Do you sometimes feels like life is out of control and things are slipping from your hands? Well Marty Fielding can help with the ceramics side of that chaos with his presentation on Alternative Handles. Offering an alternative to the pulled, pinched, or extruded handle he will demonstrate a subtractive solid-forming technique, giving your handles as strong, contemporary feel. Handles built with this method posses planar, voluminous, curved, and hard-edged or a qualities. Fielding begins with designing a handle shaped template that works with the vessel. He carefully traces, then cuts the shape on a thick leather-hard slab. Next he defines the contours, subtracting clay as needed with rasps and knives. It is then refined with a rib and is firm but flexible at this point and can be joined to the vessel.
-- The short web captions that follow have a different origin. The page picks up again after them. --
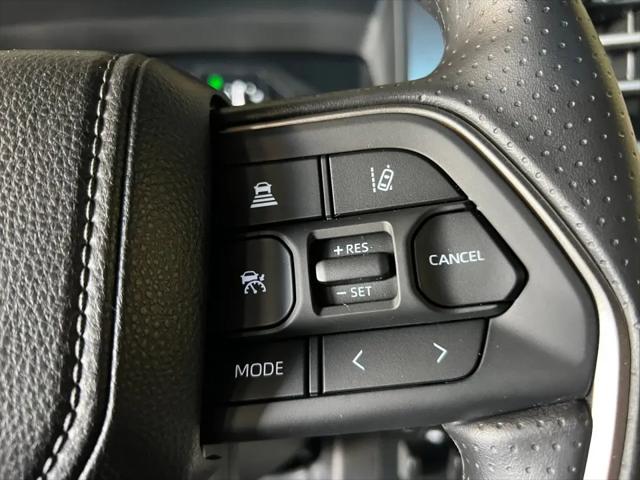 2026 Toyota Tundra SR5 CrewMax 5.5' Bed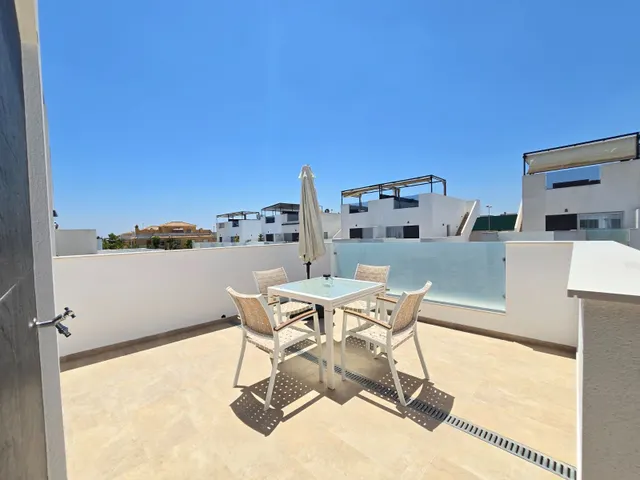 Villa 3 habitaciones 107m² en venta - Lo Marabu — 29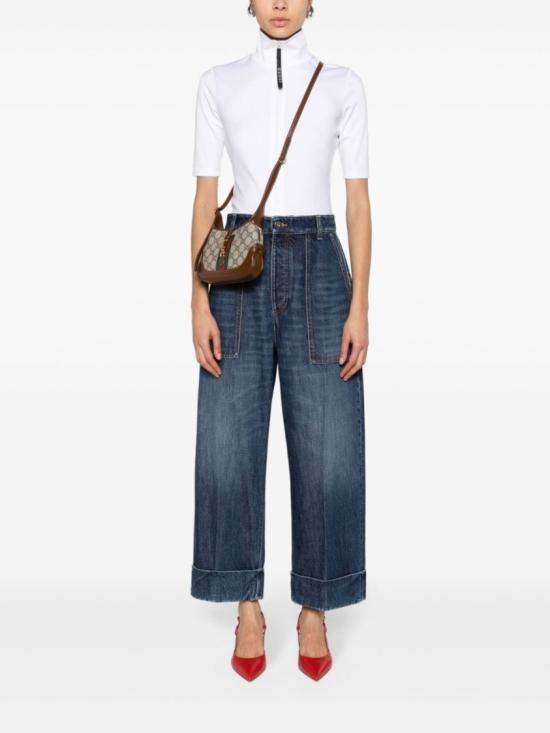  구찌 숄더백 637092HUHHG8565 Grey - GUCCI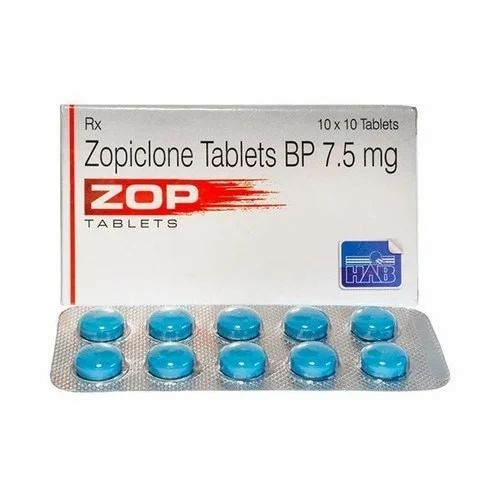 Zopiclone 7.5mg Prix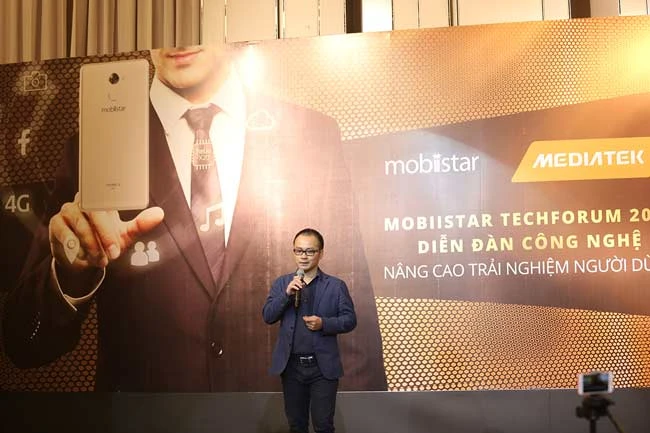 Mobiistar “Nâng tầm trải nghiệm” người dùng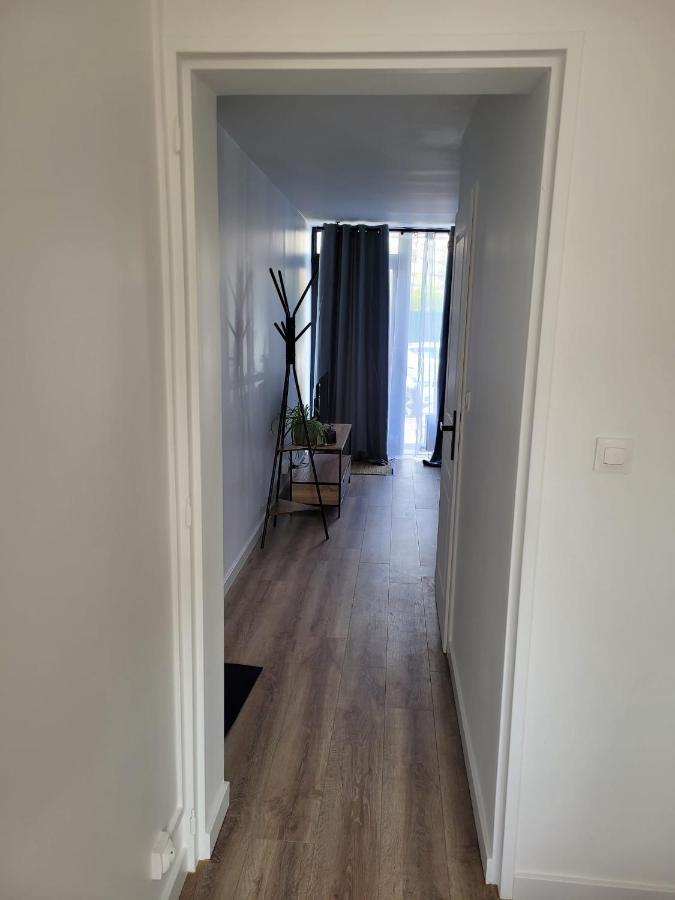 Les Oursins-Appartement 3Pieces, 4 Couchages Et Parking Gratuit Metz Luaran gambar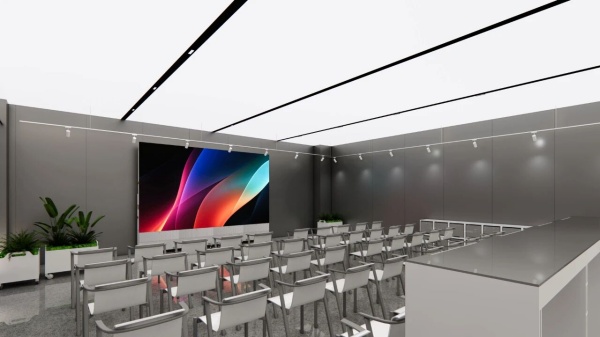 預算緊張怎么建設一個“能賺錢”的展廳？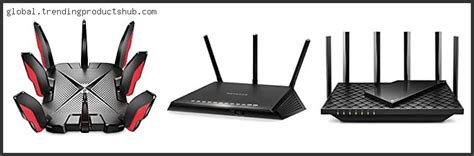 Top 10 Best Router Reviews For You Tri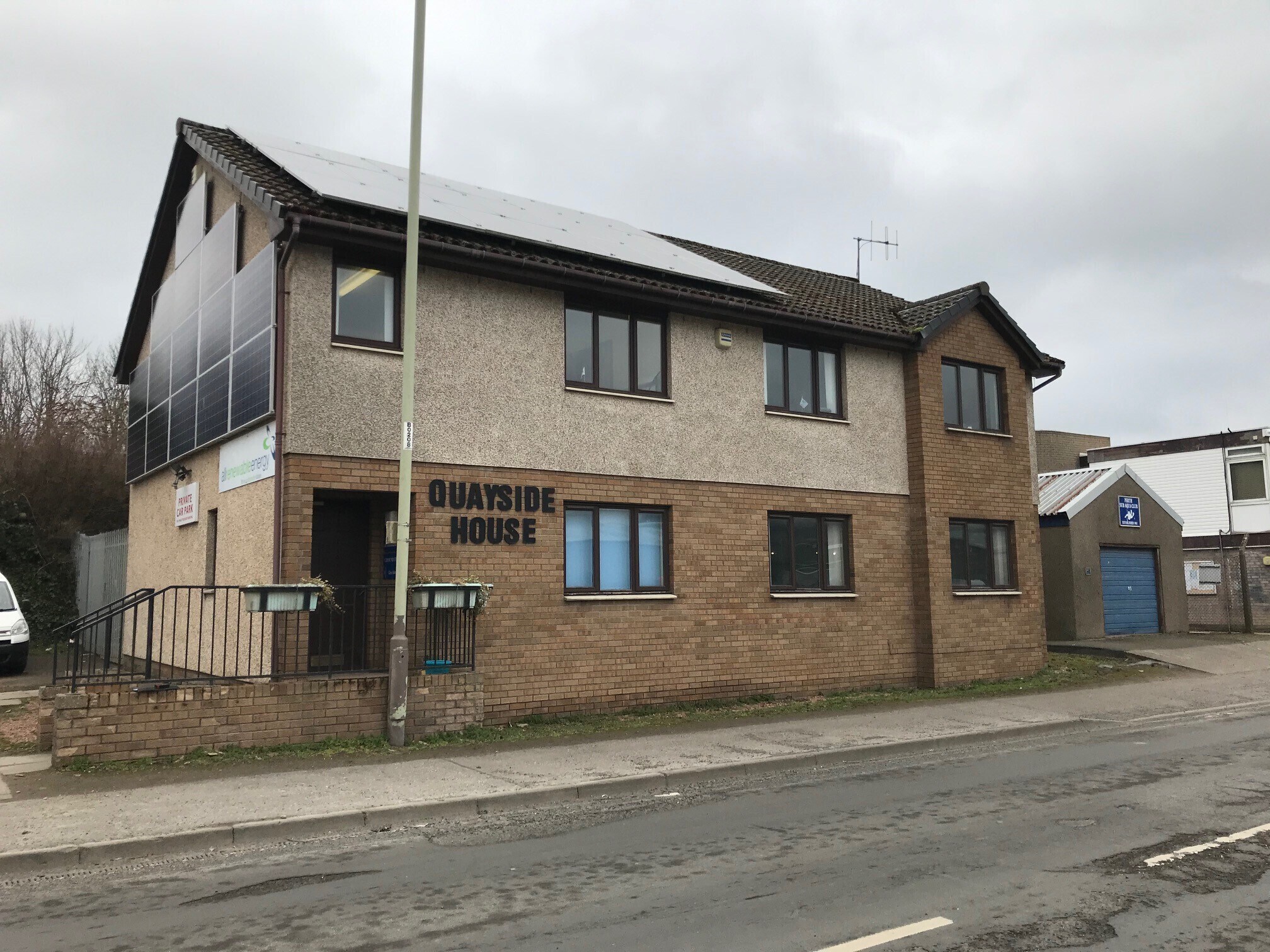 Friarton Rd, Perth à louer Photo de l’immeuble– Image 1 sur 5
Closing out the 2016 NCECA Process Room will be Cristine Boyd with the ins and outs of slip decorating with the Combined Techniques of mishima, sgraffito and the extra embellishment of some trailing. From stamping or carving the clay for mishima to ensuring a solid coat of slip for sgraffito prior to carving, all steps will be shown, cooking show style, so members will have a strong understanding of the processes.
After two days of these blitz techniques, no one leaving the conference should be making boring work and will hopefully return to their studios energized and inspired.